Chromatektomie

Kunstpraktische Bezeichnung für die systematische, oft lebenslange Entfernung aller Farbigkeit aus dem künstlerischen Vokabular zugunsten struktureller und tonaler Klarheit. Die Chromatektomie beschreibt eine chirurgische Präzision im Umgang mit Reduktion – sie ist keine bloße Präferenz für Schwarz-Weiß, sondern eine radikale Askese, die Farbe als Störfaktor, als Verschleierung des Wesentlichen begreift. Anders als die Monochromie, die sich auf eine einzige Farbe konzentriert, eliminiert die Chromatektomie das Farbige überhaupt und operiert ausschließlich im Spektrum zwischen Schwarz und Weiß. Diese Praxis korrespondiert mit ostasiatischen Tuschmalerei-Traditionen, die in der Beschränkung auf schwarze Tusche und weißes Papier eine spirituelle Disziplin erkannten.

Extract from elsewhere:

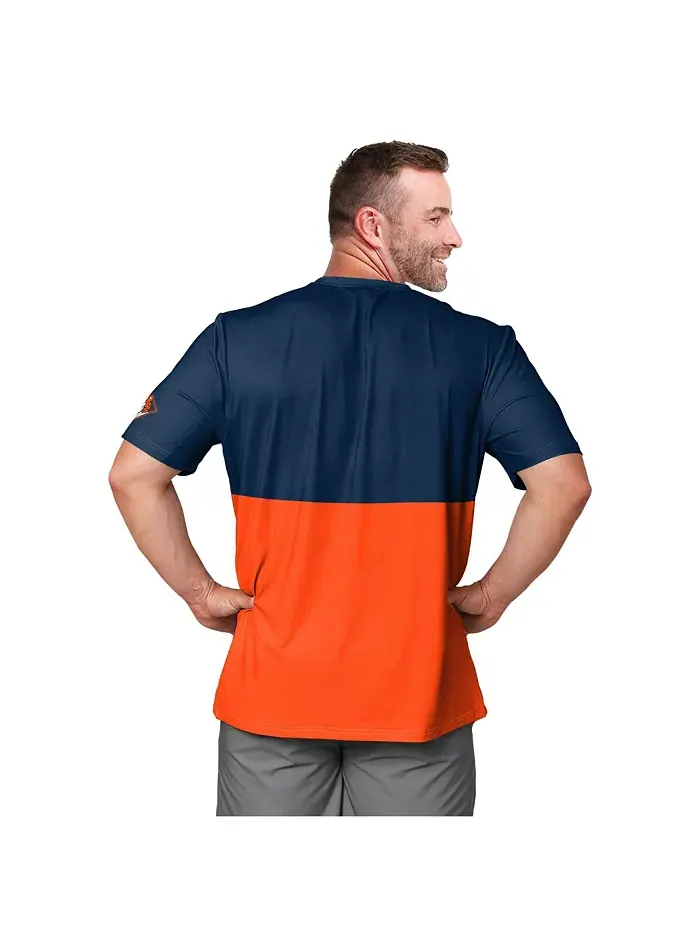 Мужская футболка Detroit Tigers Big Logo Mascot в цвете Navy/Orange FOCO — изображение 5 из 5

Die Chromatektomie macht die Abwesenheit von Farbe zum konzeptuellen Programm und schult dadurch den Blick für Kontraste, Texturen, Helligkeitsmodulationen – für all jenes, was farbliche Vielfalt überdeckt. Sie ist zugleich eine Form der Verweigerung gegenüber der Reizüberflutung spätmoderner Bildwelten und etabliert ein Regime visueller Askese.